[Short descriptive text snippets]
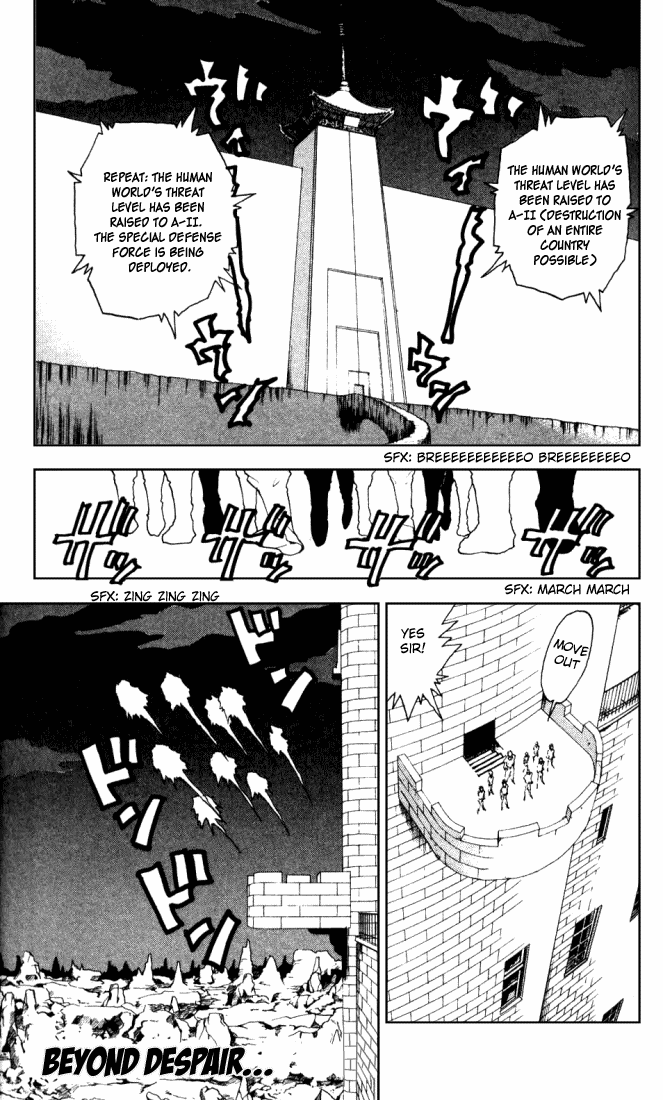 Read Yu Yu Hakusho Manga Online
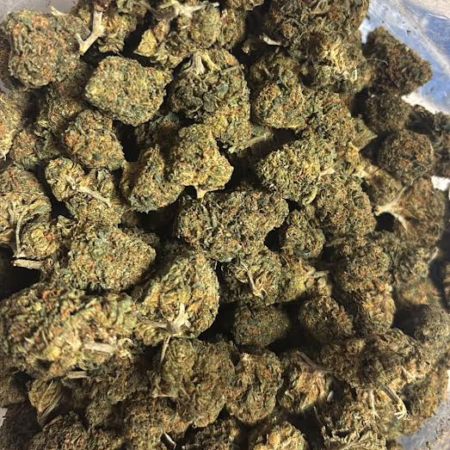 Fruit Punch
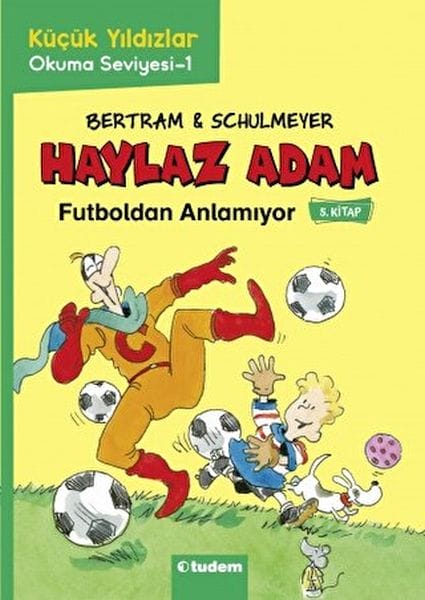 Mirovê Bêşerm Futbolê Fêm Nake - Pirtûka 5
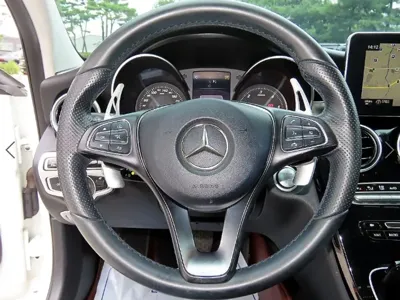 Mercedes-Benz C-Class 2016, 131704 км, за 12990000 KRW - фото 8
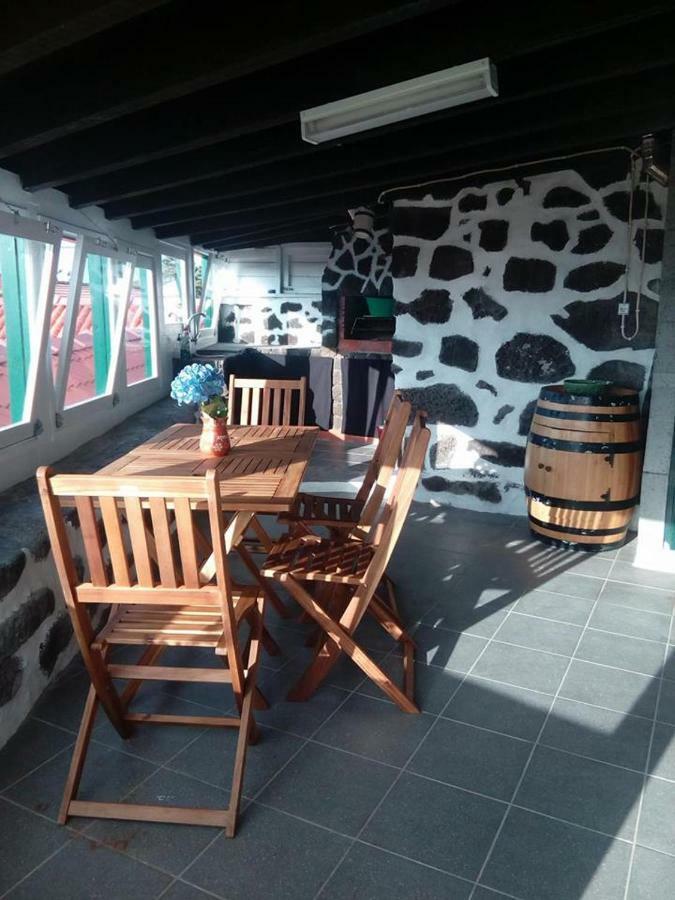 Al - Adega Do Terra Villa Мадалена Екстериор снимка
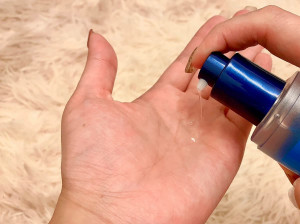 簡單保養，清新一整天。讓肌膚自在過夏天！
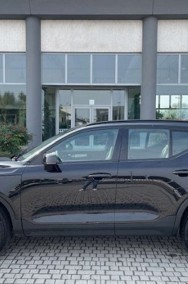 Volvo XC40 B3 Plus Dark 2.0 B3 Plus Dark (163KM) Dojazdowe koło zapasowe-2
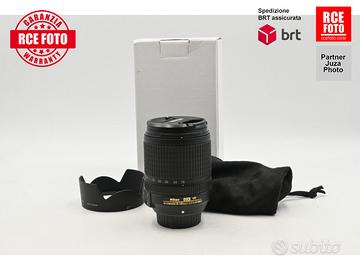 Nikon AF-S DX 18-140 F3.5-5.6G ED VR (Nikon)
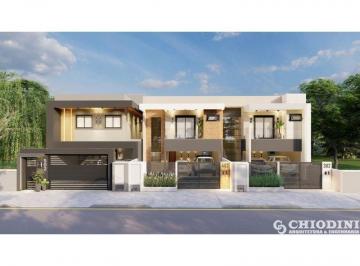 Casa · 138m² · 2 Quartos · 2 Vagas · Casa  TIMBÓ - SC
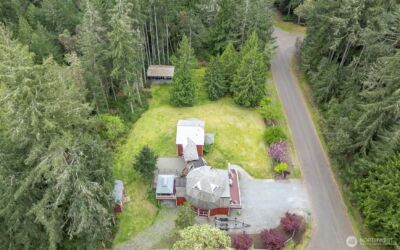 9203 Kootenai Drive , Anderson Island, WA 98303 - Photo 38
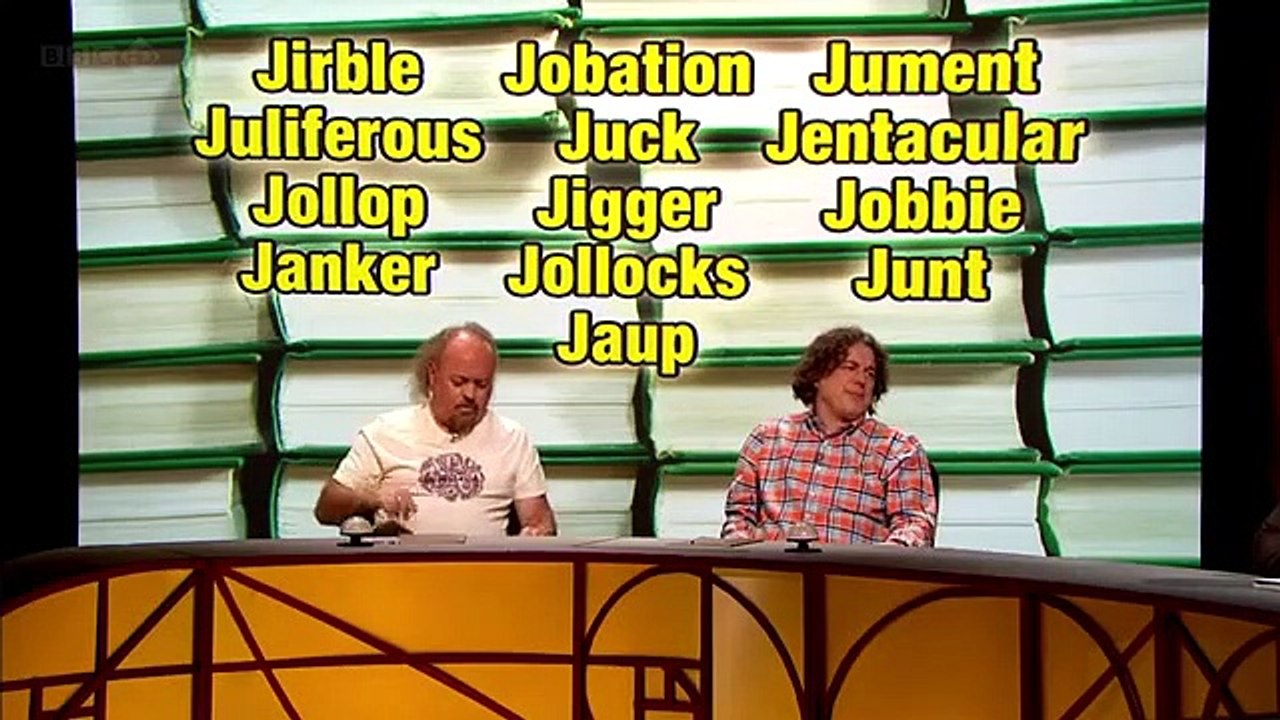 QI XL Se10 - Ep01 HD Watch HD Deutsch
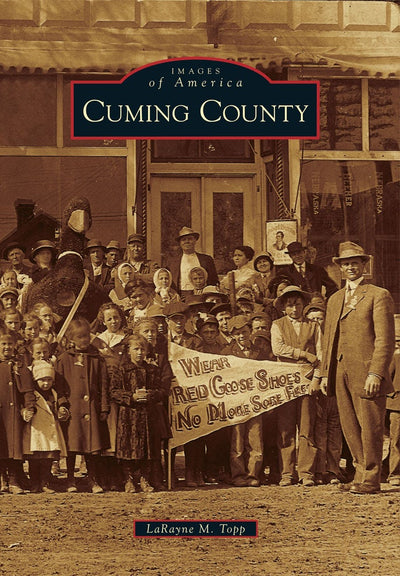 Cuming County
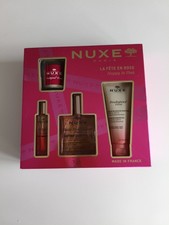 Nuxe Box Weihnachten Happy in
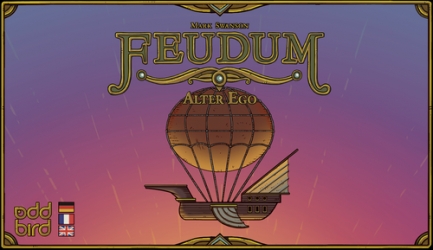 Feudum: Alter Ego Expansion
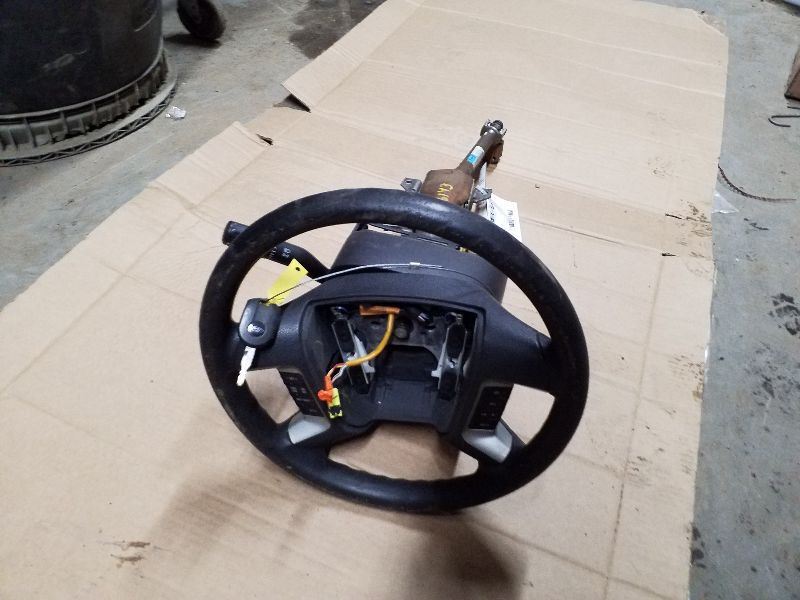 Steering Column Floor Shift Tilt And Telescopic Fits 10-12 FUSION 193675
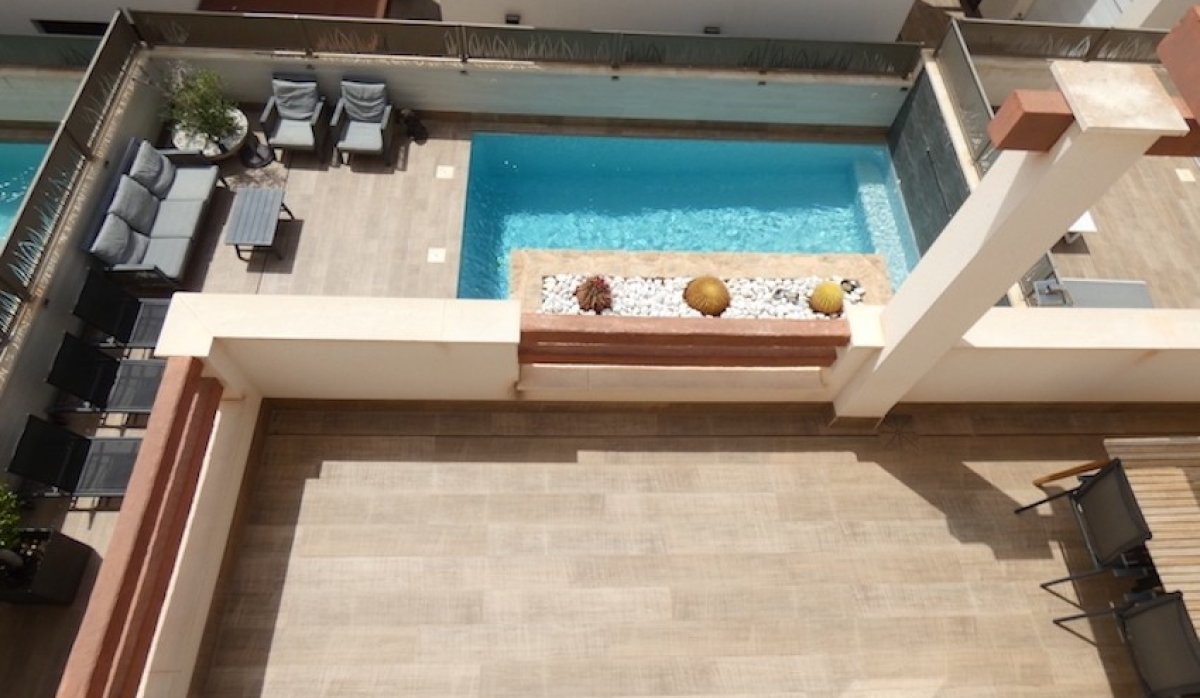 Resale - Villa - Ciudad quesada - Ciudad Quesada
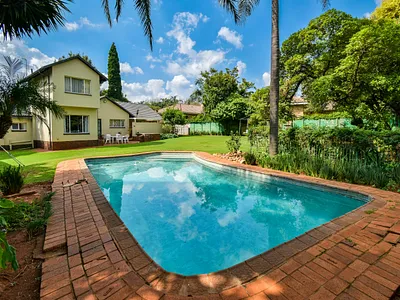 4 Bedroom House For Sale in Pretoria - JRO3.webp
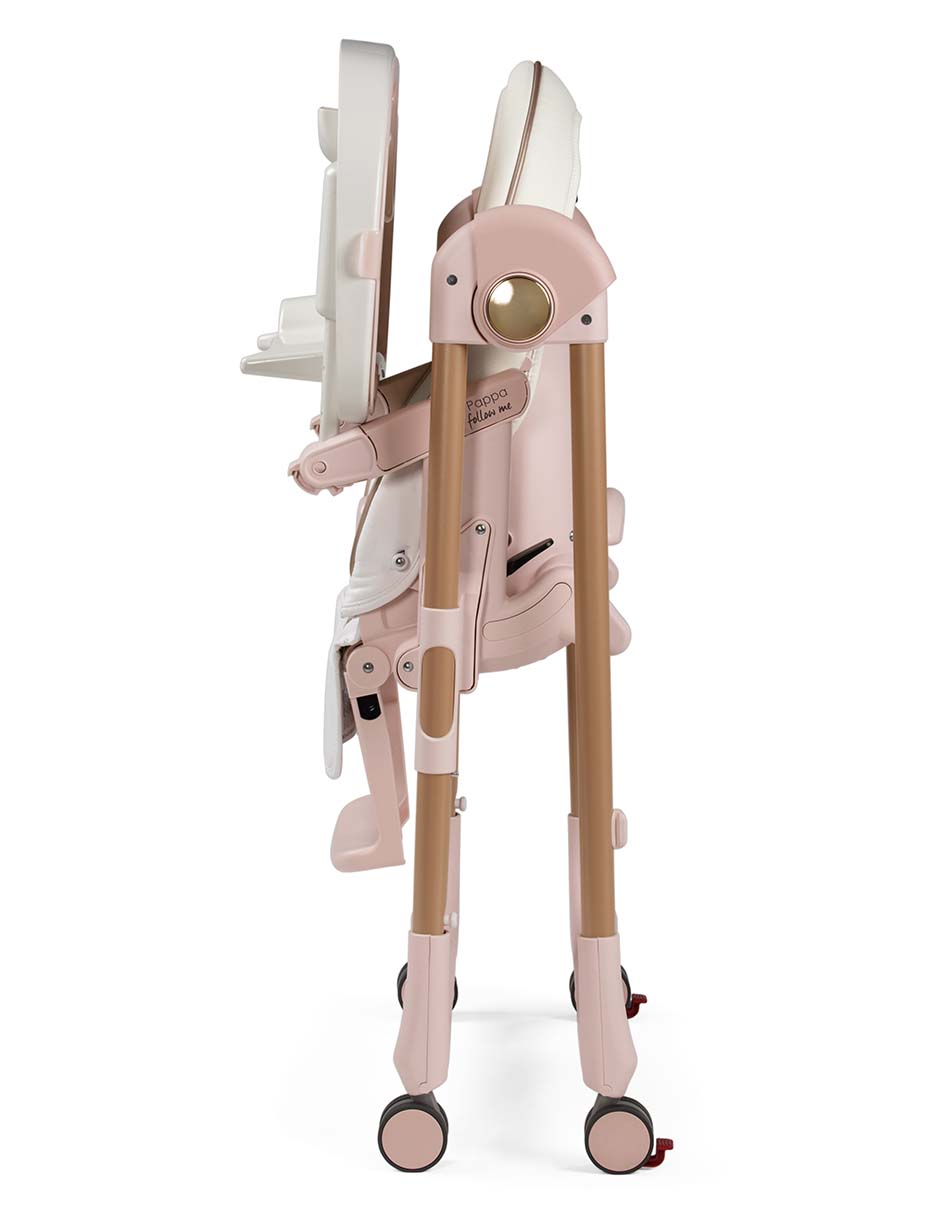 Silla alta Peg Perego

**DESCRIPTION OF THE TASK:**
Starting at the line that contains "Feudum: Alter Ego Expansion", please write out every line to the end of the entries, inclusive, copied exactly and with pictures omitted.

**ANSWER TO THIS TASK:**
 Feudum: Alter Ego Expansion
 Steering Column Floor Shift Tilt And Telescopic Fits 10-12 FUSION 193675
 Resale - Villa - Ciudad quesada - Ciudad Quesada
 4 Bedroom House For Sale in Pretoria - JRO3.webp
 Silla alta Peg Perego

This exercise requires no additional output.